| EXERCISE DESCRIPTION |
Could you set down exactly the lines in the records below between the line holding "Borsa a tracolla" and the line holding "חדר ריק בתהליך", inclusive?

| RECORDS FOR THIS EXERCISE |

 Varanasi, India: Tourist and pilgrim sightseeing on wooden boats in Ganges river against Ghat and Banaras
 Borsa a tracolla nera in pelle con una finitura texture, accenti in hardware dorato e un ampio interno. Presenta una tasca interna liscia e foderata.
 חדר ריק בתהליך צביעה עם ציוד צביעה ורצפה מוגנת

...

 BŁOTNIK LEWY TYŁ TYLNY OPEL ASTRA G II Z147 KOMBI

| EXPECTED ANSWER |
 Borsa a tracolla nera in pelle con una finitura texture, accenti in hardware dorato e un ampio interno. Presenta una tasca interna liscia e foderata.
 חדר ריק בתהליך צביעה עם ציוד צביעה ורצפה מוגנת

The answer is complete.